Saturday, November 6, 2010

Cabby Capitalism

by Anne Kadet

Wall Street Journal
November 6, 2010

I remember the first time I heard a cabby brag about his genius medallion investment. In just five years, the value of his city-issued taxi operator's license had tripled, to $300,000. "Boy," I thought. "I really should look into that."

Yes, I really should have. Since 2001, the value of a corporate medallion (the kind you can own without personally driving a cab) quadrupled, to $825,000. Values have risen so steeply that the combined value of the city's 13,237 medallions now tops $10 billion. That's bigger than J.C. Penney, bigger than Whole Foods, bigger than ConAgra. If New York medallions traded on the NYSE, they'd qualify as a large-cap stock.

Not surprisingly, with all that money driving around, there's a whole cottage industry in place to support medallion investors. New York boasts 26 licensed medallion brokers and 69 medallion-leasing agents. We've even got a slew of lenders and a midsize bank dedicated to—you guessed it—medallion loans.

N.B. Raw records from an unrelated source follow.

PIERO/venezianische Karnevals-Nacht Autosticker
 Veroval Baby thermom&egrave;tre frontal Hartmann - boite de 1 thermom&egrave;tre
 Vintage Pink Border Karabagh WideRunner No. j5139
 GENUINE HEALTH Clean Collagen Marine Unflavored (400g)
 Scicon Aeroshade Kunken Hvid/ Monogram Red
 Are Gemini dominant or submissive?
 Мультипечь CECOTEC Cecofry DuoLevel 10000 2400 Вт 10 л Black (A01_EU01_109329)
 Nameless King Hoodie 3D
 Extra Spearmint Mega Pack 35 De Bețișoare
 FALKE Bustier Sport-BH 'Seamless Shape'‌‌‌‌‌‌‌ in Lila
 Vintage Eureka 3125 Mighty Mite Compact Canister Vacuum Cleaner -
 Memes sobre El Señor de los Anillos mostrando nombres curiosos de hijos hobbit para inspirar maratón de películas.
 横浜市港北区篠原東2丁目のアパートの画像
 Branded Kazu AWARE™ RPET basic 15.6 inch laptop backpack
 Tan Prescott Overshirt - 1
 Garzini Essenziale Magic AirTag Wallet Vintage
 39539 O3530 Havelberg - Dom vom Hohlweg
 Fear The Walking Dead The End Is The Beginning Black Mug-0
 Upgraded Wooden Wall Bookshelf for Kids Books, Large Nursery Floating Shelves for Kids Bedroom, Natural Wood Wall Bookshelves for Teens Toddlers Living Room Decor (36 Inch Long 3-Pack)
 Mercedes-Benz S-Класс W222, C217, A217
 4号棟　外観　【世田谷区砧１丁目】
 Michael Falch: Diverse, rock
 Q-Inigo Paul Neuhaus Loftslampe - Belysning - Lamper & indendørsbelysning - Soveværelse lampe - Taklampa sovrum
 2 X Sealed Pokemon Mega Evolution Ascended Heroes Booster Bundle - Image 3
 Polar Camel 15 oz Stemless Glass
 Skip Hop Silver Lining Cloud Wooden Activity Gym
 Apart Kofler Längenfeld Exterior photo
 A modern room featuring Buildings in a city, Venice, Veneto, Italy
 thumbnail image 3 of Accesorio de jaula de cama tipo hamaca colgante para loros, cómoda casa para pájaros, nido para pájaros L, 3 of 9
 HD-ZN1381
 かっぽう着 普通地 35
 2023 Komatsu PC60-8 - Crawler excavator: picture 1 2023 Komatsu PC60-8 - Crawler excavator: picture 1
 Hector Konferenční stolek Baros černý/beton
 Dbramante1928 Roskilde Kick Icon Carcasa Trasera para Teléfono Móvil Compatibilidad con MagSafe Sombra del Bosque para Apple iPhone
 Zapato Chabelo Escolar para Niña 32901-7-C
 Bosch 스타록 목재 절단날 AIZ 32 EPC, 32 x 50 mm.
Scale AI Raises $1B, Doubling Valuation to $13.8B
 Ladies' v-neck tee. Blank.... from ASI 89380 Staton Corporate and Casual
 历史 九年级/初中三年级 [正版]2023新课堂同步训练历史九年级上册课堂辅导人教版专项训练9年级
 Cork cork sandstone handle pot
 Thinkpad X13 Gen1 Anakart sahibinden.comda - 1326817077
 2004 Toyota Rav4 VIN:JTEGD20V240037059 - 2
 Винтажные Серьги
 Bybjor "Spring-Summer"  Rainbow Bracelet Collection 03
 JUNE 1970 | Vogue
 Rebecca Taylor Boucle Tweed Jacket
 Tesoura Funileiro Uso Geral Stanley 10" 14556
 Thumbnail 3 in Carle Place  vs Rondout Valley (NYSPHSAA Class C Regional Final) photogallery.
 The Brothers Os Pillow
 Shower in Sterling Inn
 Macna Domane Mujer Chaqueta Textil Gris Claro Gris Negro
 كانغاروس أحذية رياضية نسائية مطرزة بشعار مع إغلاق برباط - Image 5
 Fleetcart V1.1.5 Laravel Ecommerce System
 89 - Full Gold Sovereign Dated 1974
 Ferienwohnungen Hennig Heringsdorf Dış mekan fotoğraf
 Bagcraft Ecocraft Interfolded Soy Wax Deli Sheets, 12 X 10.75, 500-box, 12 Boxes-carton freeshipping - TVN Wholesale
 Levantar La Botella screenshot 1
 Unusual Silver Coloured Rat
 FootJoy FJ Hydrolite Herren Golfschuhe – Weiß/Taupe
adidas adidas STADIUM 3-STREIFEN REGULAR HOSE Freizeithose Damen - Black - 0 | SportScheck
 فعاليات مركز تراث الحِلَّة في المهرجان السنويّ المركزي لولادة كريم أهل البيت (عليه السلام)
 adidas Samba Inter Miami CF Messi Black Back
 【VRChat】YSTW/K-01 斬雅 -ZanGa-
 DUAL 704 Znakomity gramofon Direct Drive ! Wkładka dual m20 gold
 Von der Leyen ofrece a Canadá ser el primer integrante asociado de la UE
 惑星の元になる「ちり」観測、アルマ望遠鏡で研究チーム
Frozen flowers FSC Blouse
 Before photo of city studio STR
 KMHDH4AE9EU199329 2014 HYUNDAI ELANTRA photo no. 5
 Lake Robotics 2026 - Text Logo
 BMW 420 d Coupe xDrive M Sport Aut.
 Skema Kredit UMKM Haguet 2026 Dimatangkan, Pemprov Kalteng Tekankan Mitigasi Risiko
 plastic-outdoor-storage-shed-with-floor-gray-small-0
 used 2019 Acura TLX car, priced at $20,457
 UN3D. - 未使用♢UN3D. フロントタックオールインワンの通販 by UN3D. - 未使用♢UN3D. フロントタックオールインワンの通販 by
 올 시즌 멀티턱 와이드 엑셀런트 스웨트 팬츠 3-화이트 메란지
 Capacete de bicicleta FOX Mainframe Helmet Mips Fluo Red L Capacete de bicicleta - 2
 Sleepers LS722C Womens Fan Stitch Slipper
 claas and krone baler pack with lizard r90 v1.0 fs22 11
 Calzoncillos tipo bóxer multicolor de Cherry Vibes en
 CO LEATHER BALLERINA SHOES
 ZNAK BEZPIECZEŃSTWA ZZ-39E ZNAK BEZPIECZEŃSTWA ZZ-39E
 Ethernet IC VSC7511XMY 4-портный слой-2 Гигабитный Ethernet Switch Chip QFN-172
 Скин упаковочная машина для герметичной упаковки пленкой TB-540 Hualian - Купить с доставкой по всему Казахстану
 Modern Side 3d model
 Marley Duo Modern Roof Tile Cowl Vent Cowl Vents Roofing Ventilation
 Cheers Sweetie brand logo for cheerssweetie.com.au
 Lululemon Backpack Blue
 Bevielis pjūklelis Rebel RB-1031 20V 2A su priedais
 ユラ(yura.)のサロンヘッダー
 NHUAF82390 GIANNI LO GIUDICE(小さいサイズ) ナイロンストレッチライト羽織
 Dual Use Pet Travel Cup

Medallion Financial (Nasdaq: TAXI) has a tagline: "In niches there are riches," and President Andrew Murstein says business is booming. Since his father, Alvin, a former fleet operator, founded the bank back in the 1950s, it's made $5 billion in medallion-backed loans, with zero losses. It's hard to repossess a house, but it's easy to repossess a medallion: You just hire a repo man to pluck it off the taxi's hood.